**About this task**
Output the full listing below exactly; the images stay out.

**Material provided**
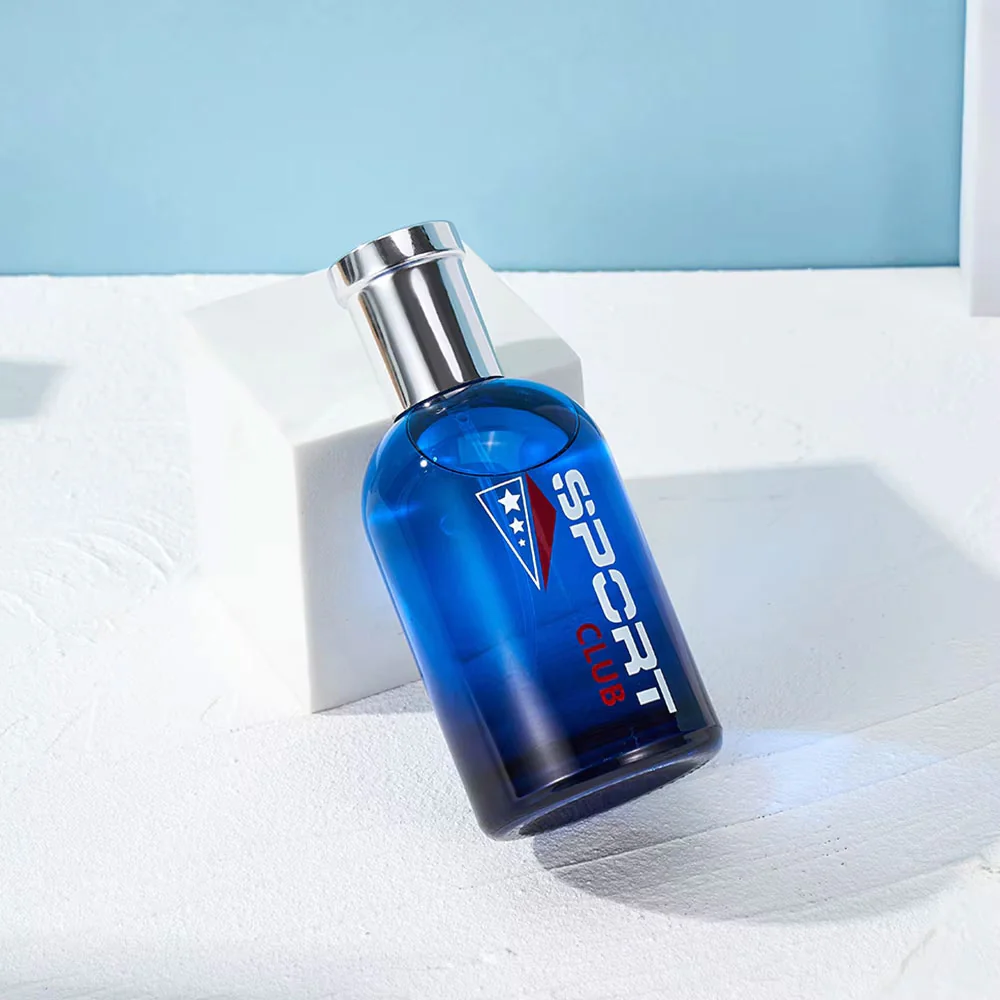 Lovali Sport Club Eau De Parfum Spray 100ml - Image 2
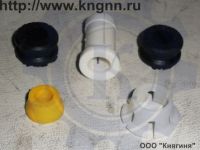 Р/к рычага КПП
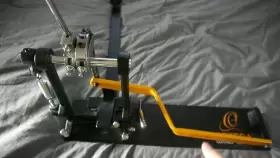 Ocjp-l-gb ORTEGA GUITARS Ocjp Gb Left Cajon Pedal Drive Chain #2 Ocjp-l-gb ORTEGA GUITARS Ocjp Gb Left Cajon Pedal Drive Chain #2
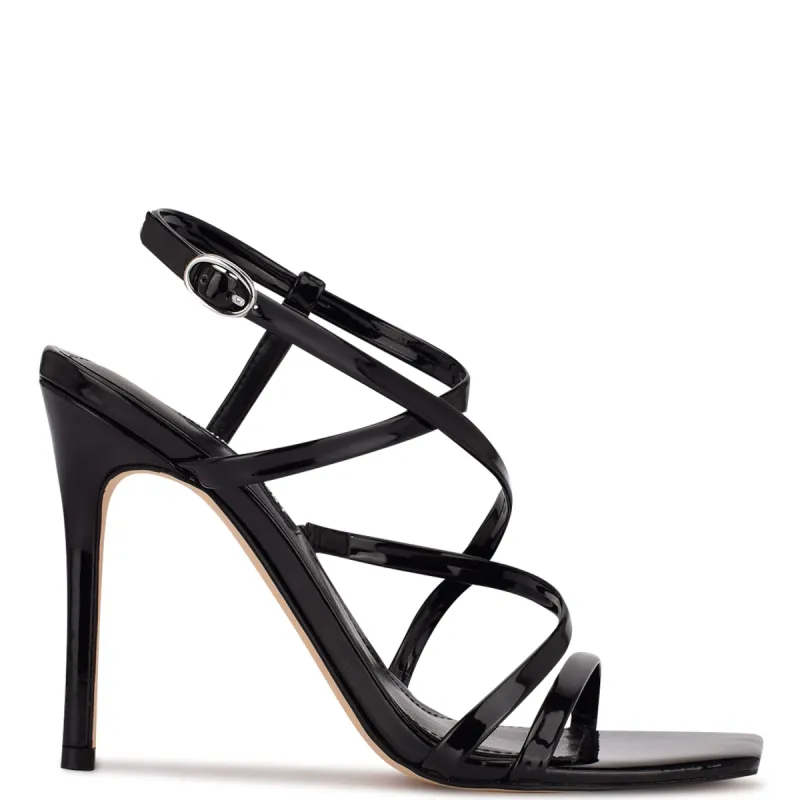Tilas Heeled Sandals sold by Nine West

**Finished task**
 Lovali Sport Club Eau De Parfum Spray 100ml - Image 2
 Р/к рычага КПП
 Ocjp-l-gb ORTEGA GUITARS Ocjp Gb Left Cajon Pedal Drive Chain #2 Ocjp-l-gb ORTEGA GUITARS Ocjp Gb Left Cajon Pedal Drive Chain #2
Tilas Heeled Sandals sold by Nine West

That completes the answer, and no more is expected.